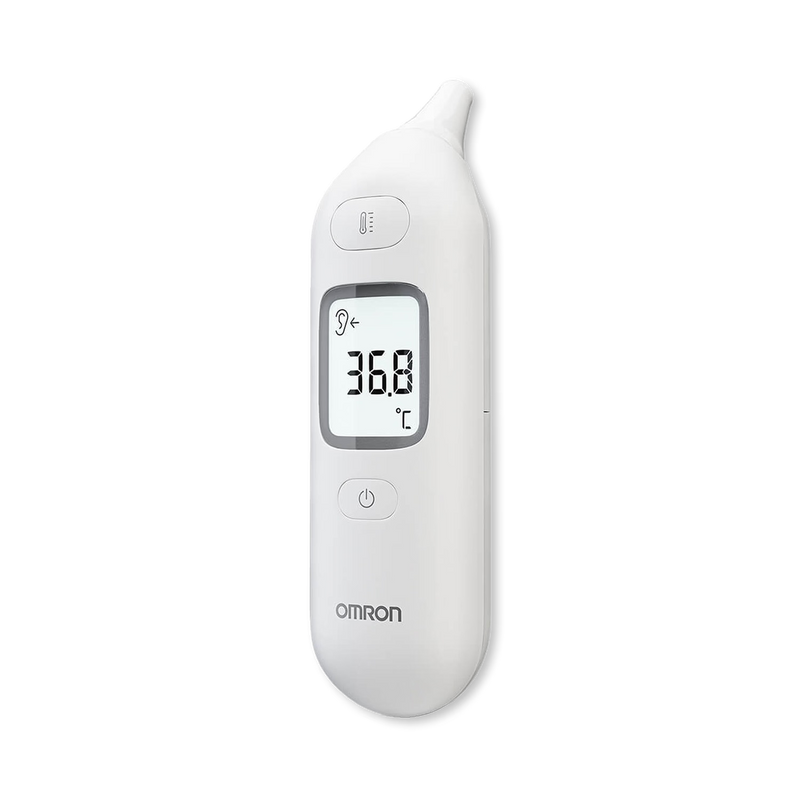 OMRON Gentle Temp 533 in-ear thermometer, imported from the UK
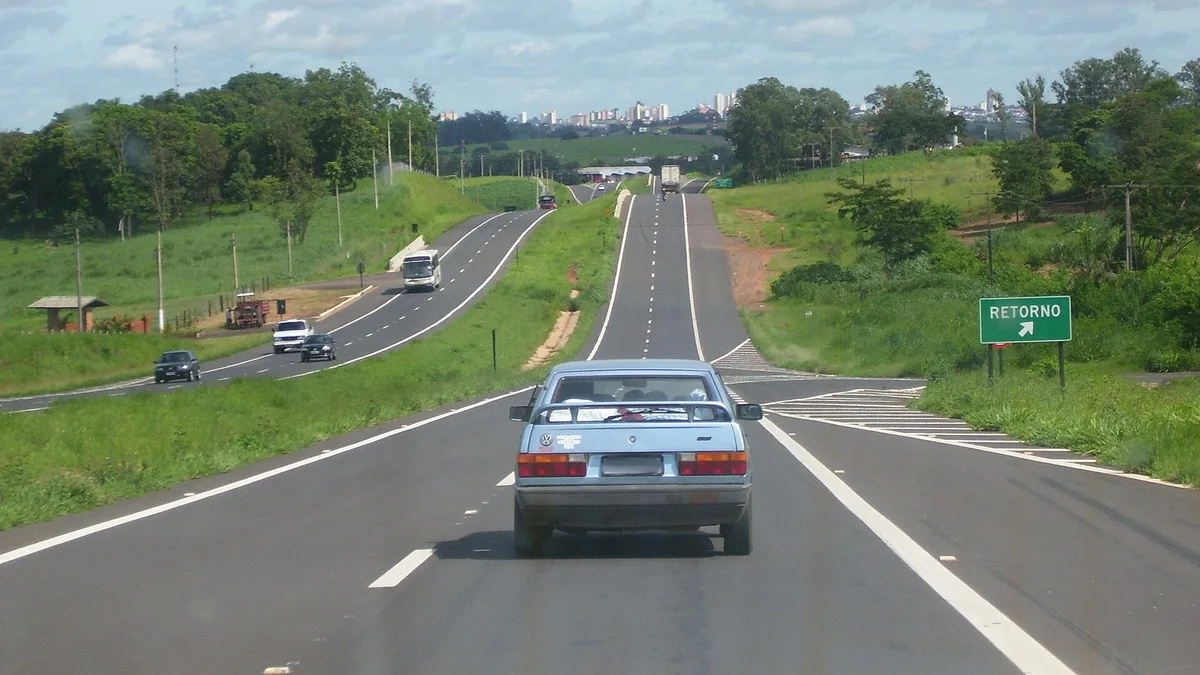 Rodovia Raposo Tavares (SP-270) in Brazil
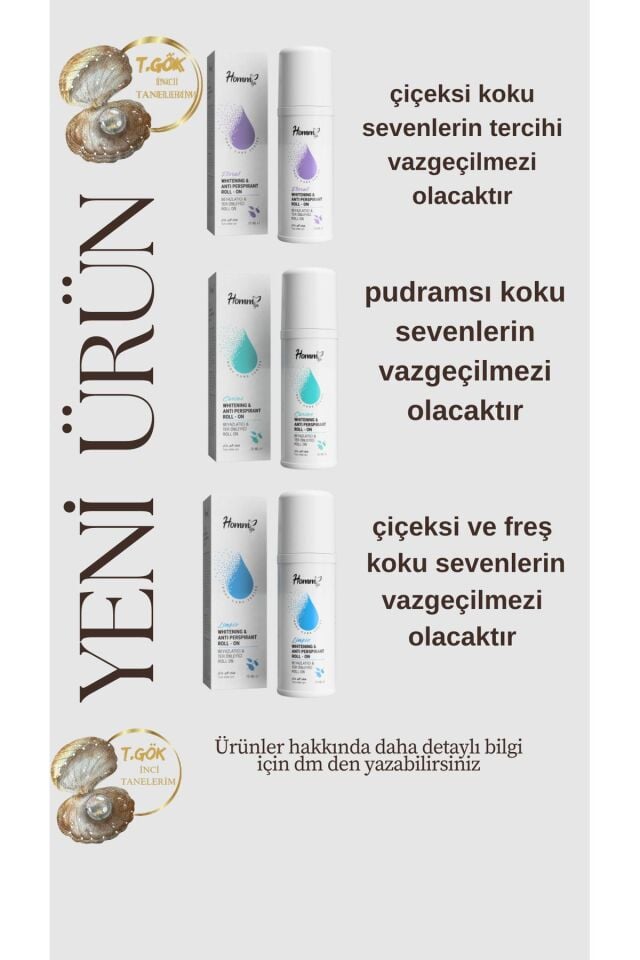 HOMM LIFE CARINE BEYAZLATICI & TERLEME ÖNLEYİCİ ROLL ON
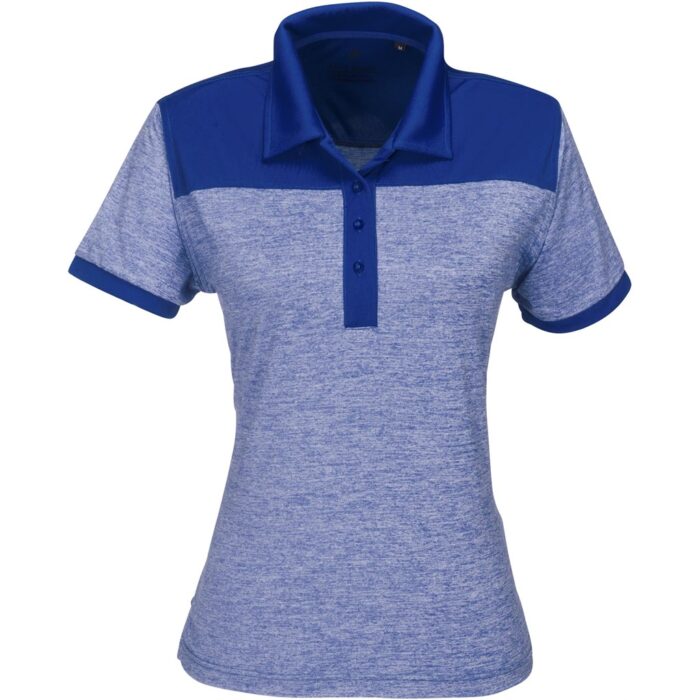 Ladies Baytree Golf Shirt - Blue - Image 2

----

◆ What the task requires
The material shown above is to be repeated verbatim, and its pictures are to be omitted.

◆ Written solution
 OMRON Gentle Temp 533 in-ear thermometer, imported from the UK
 Rodovia Raposo Tavares (SP-270) in Brazil
 HOMM LIFE CARINE BEYAZLATICI & TERLEME ÖNLEYİCİ ROLL ON
 Ladies Baytree Golf Shirt - Blue - Image 2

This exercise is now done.